Mindscape.Raygun4Net.Tests/RaygunBreadcrumbsTests.cs

@@ -27,7 +28,7 @@ public void TearDown()

    [Test]
    public void Set_ClassName_MethodName_And_LineNumber_Automatically_If_Configured()
-    {
+    {      


phillip-haydon · 2024-02-07T21:17:04Z

Mindscape.Raygun4Net.Tests/Model/FakeRaygunClient.cs

+    
+    public IEnumerable<Exception> ExposeStripWrapperExceptions(Exception exception)
    {
-      return CreateWebClient();
+      return StripWrapperExceptions(exception);
    }
-
+    


Whitespace giving me anxiety...

phillip-haydon

Looking good.

Obi-Dann · 2024-02-08T22:41:00Z

Mindscape.Raygun4Net.NetCore.Common/RaygunClientBase.cs

@@ -35,6 +36,7 @@ public abstract class RaygunClientBase
    private bool _handlingRecursiveGrouping;

    protected readonly RaygunSettingsBase _settings;
+    private readonly ThrottledBackgroundMessageProcessor _backgroundMessageProcessor;


Hmm, RaygunAspNetClient is still created per request, it means that users using RaygunAspNet won't issues with SNAT ports fixed because there will be multiple instances of the Clients?
Also, it's Disposable but never Disposed?

Using the middleware, you are correct, because the Client only controls it's own limitations, creating other clients gets around the throttling.
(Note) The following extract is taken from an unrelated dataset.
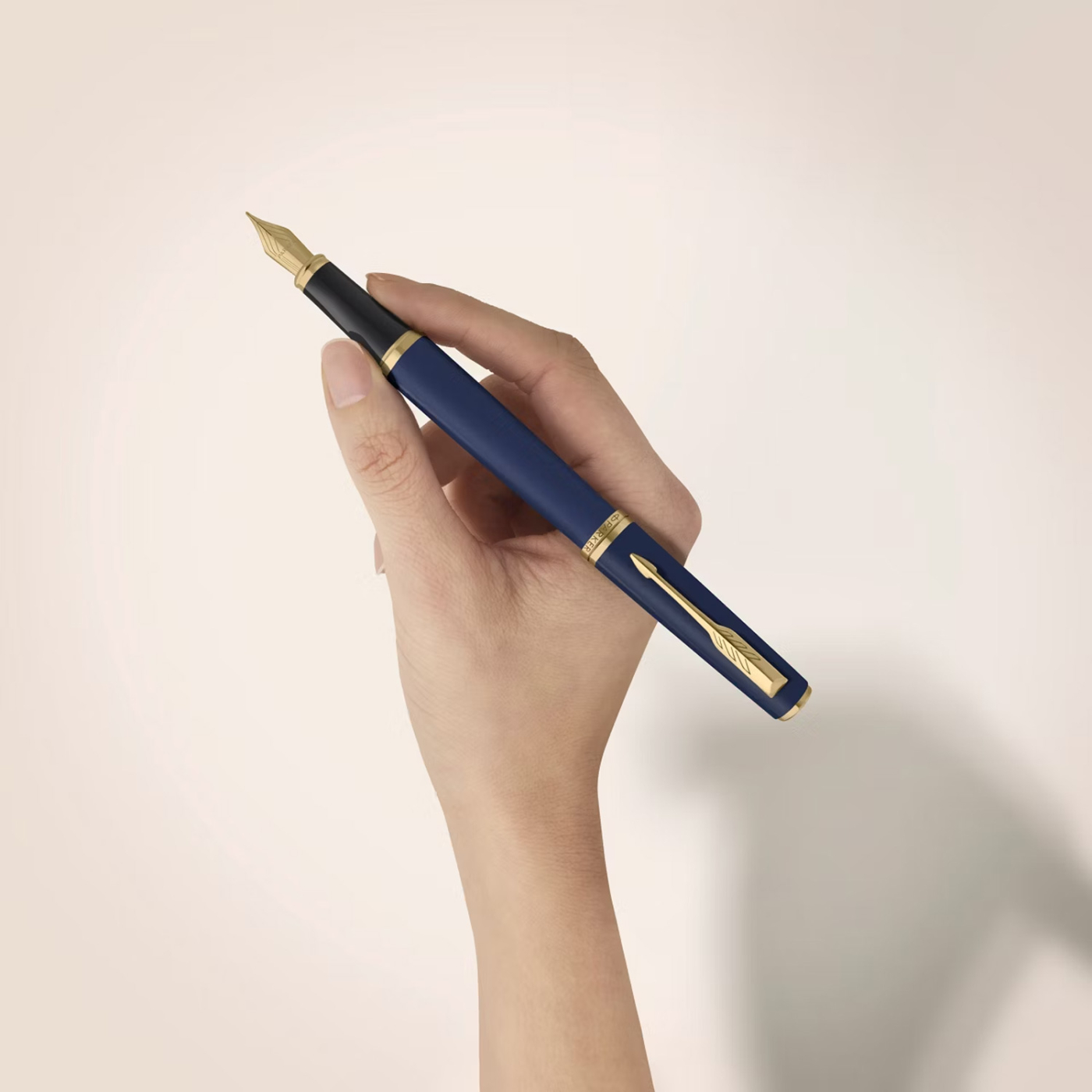 Meridian Blue/Gold Reservoar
This is a larger design choice we want to resolve.

Ideally the middleware shouldn't be creating a new client for each request - but it adds complexity.

Alternatively, the message queue could be a singleton, however that adds another layer of complexity when many clients could be queuing messages.

Calling dispose in a deconstructor would certainly help, currently when the client is GC'd the message queue should also be collected alongside it

Obi-Dann · 2024-02-08T22:43:17Z

Mindscape.Raygun4Net.NetCore.Common/RaygunClientBase.cs

-          await StripAndSend(exception, tags, userCustomData, userInfo);
-        });
-
+          if (!_backgroundMessageProcessor.Enqueue(async () => await BuildMessage(ex, tags, userCustomData, userInfo)))


This can result in an issue depending on when BuildMessage runs. In AspNetCore, BuildMessage attempts to read data from HttpContext. If BuildMessage is executed after HttpContext is disposed, it will either fail or won't get necessary data.
Shouldn't BuildMessage be called before enqueue and Enqueue should receive the built message rather than a Func<RaygunMessage>?

The HttpContext is accessed and the data captured before BuildMessage is called, so there shouldn't be a chance of accessing a disposed context.

It does this only in the AspNetCore specific version of the client.

There's also issues with using ThreadLocal vs AsyncLocal - as raised in another GH issue - which will also cause some problems capturing the correct information.

Using the middleware, the clients that are created, never actually use this overload, and aren't using the background message queue either - which is something we should also fix.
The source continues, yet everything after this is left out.